# GOAL OF THE EXERCISE:
Skip all lines in the entries below that come before the one containing "this 1288×947 image.". Repeat that line and the rest exactly.

-.-.-

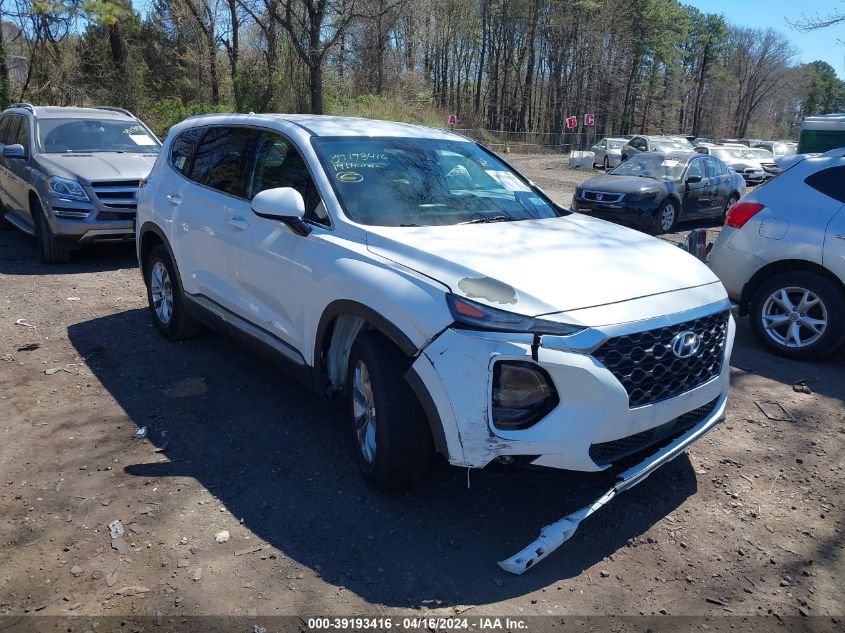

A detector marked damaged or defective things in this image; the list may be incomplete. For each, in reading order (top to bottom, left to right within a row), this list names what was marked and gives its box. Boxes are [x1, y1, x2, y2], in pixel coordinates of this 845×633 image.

detached bumper piece [494, 398, 724, 576]
damaged front bumper [502, 390, 724, 572]
broken plastic trim on ground [502, 398, 724, 576]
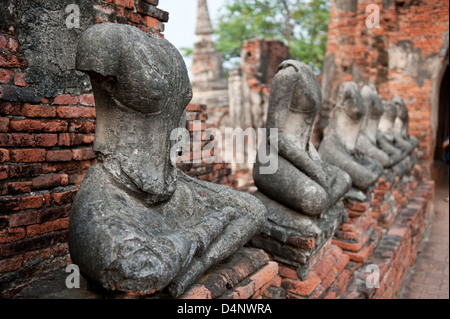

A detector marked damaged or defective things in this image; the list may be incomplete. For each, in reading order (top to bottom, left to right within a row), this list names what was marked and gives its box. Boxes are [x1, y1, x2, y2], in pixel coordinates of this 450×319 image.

damaged religious figure [67, 23, 268, 298]
damaged religious figure [253, 60, 352, 218]
damaged religious figure [320, 82, 384, 192]
damaged religious figure [356, 85, 404, 170]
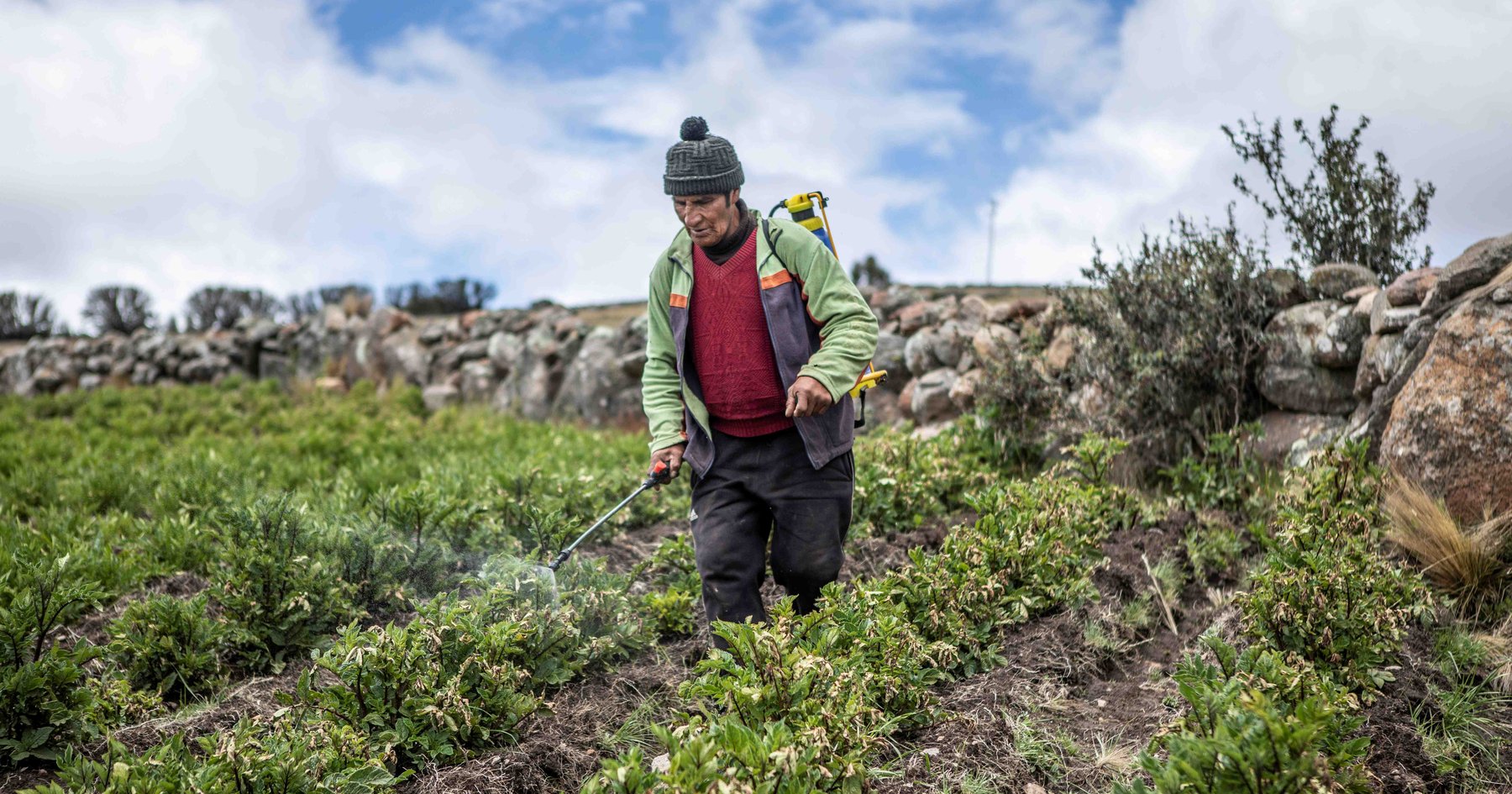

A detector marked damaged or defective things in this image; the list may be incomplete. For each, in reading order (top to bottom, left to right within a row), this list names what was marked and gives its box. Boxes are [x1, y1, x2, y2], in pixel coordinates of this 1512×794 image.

frost-damaged crop [585, 437, 1129, 790]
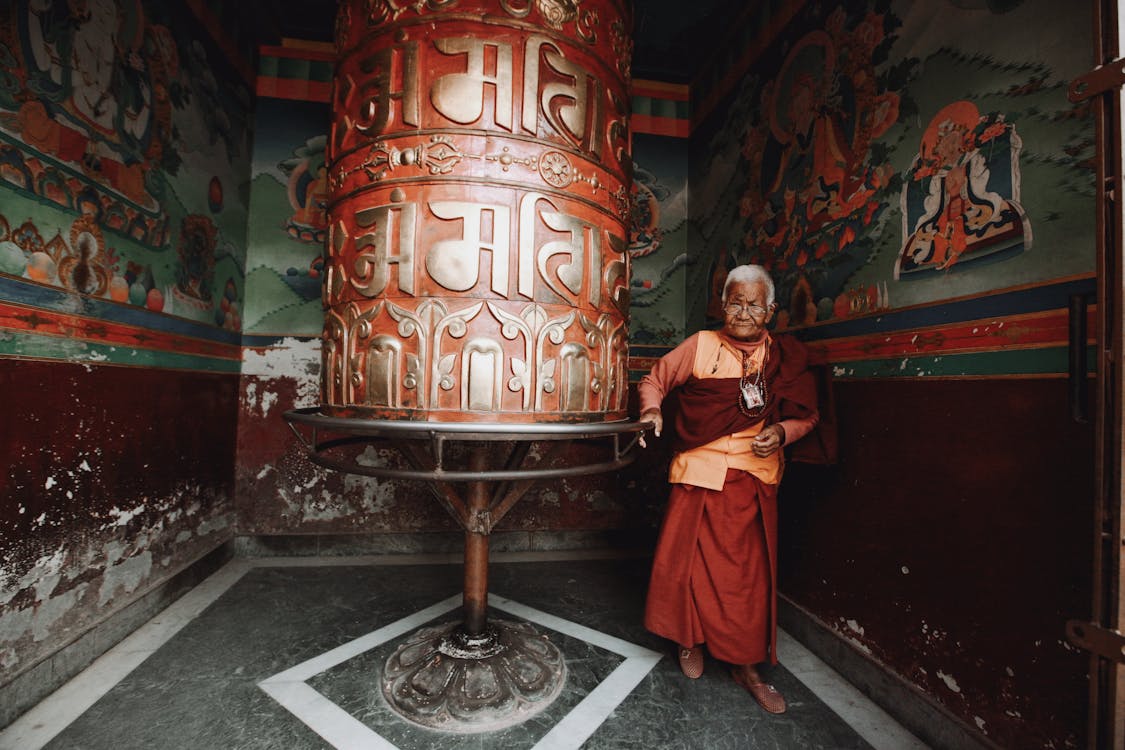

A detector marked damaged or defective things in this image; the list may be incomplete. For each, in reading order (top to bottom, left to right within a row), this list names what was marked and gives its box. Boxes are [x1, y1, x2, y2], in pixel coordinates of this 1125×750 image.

rusted metal fixture [285, 0, 639, 728]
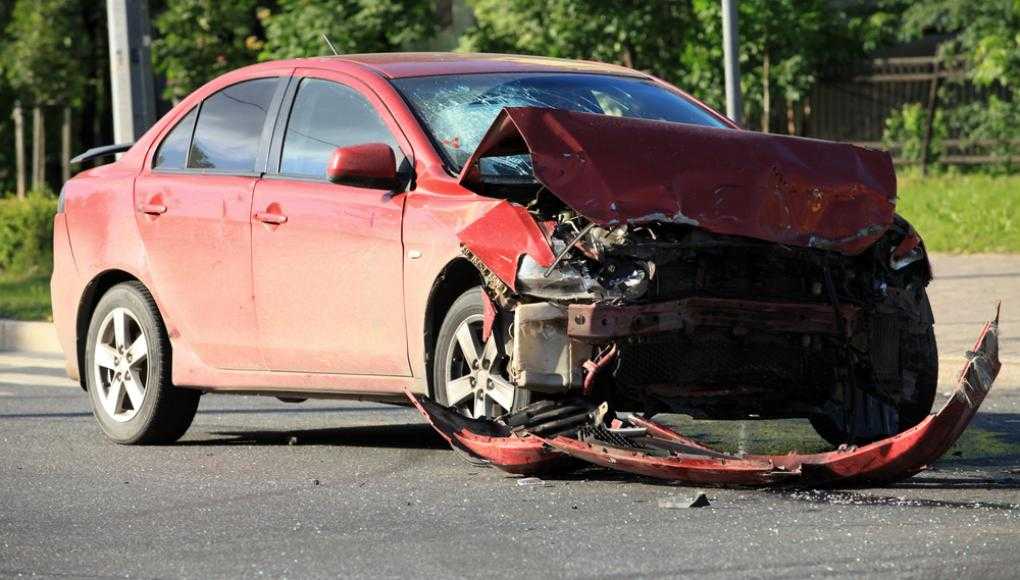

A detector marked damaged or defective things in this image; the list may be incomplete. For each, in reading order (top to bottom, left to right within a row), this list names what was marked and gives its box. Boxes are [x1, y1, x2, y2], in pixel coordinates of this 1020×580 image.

damaged red sedan [51, 54, 999, 483]
cracked windshield [393, 73, 730, 176]
crumpled hood [459, 108, 897, 252]
car front end damage [416, 107, 1003, 483]
broken bumper on ground [410, 309, 999, 487]
detached front bumper [408, 309, 1003, 487]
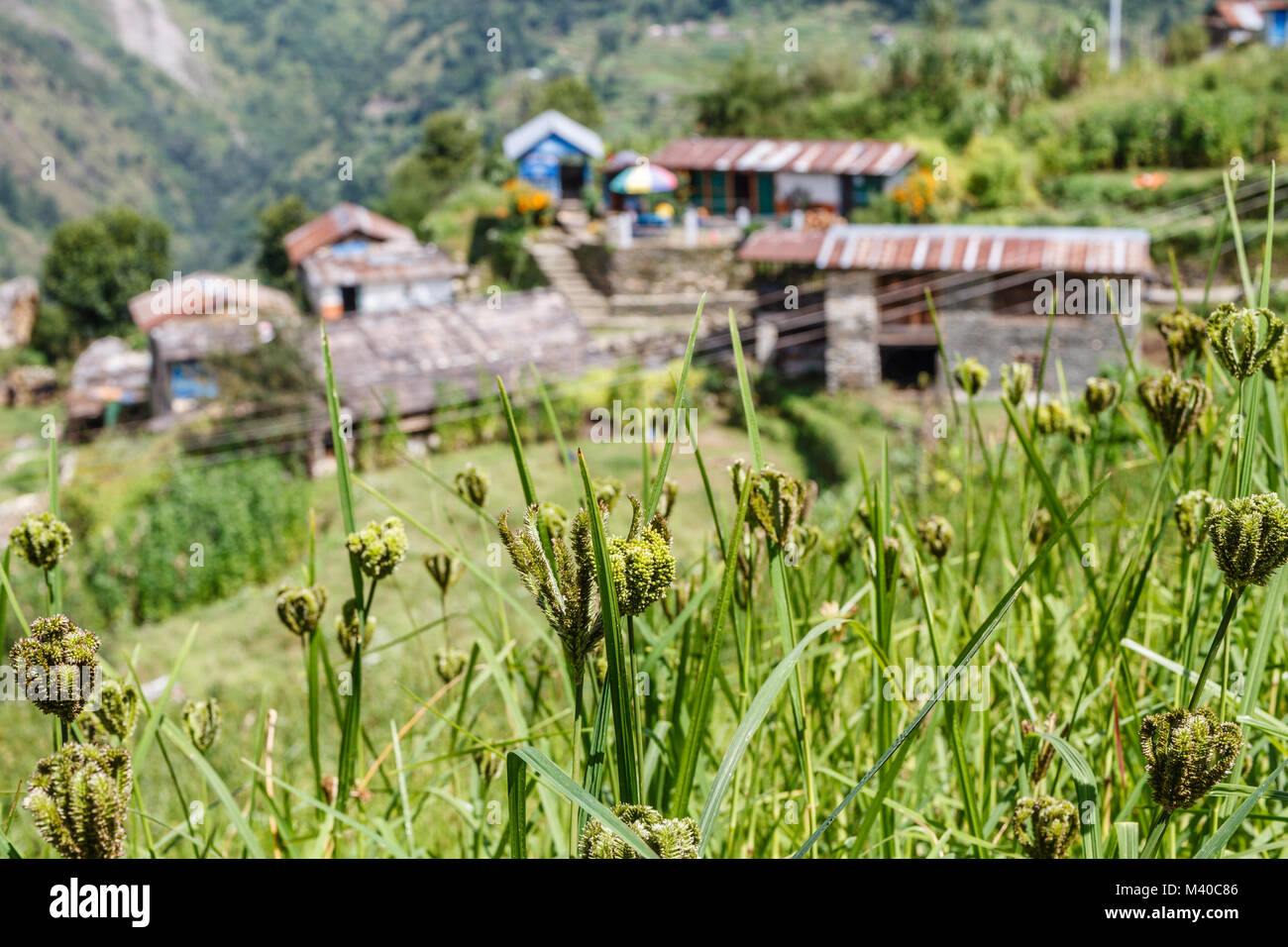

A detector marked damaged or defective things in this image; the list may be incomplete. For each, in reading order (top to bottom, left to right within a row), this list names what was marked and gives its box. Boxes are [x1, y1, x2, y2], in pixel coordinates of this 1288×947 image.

rusty metal roof [654, 139, 916, 178]
rusty metal roof [284, 202, 414, 266]
rusty metal roof [299, 238, 463, 287]
rusty metal roof [741, 225, 1153, 275]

-.-.-

# SOLUTION TO THE EXERCISE:
A detector marked damaged or defective things in this image; the list may be incomplete. For each, in reading order (top to bottom, left to right within a row), this list names what was marked and gives its box. Boxes are [x1, y1, x2, y2], in pixel coordinates of this 1288×947 image.

rusty metal roof [654, 139, 916, 178]
rusty metal roof [284, 202, 414, 266]
rusty metal roof [299, 238, 463, 287]
rusty metal roof [741, 225, 1153, 275]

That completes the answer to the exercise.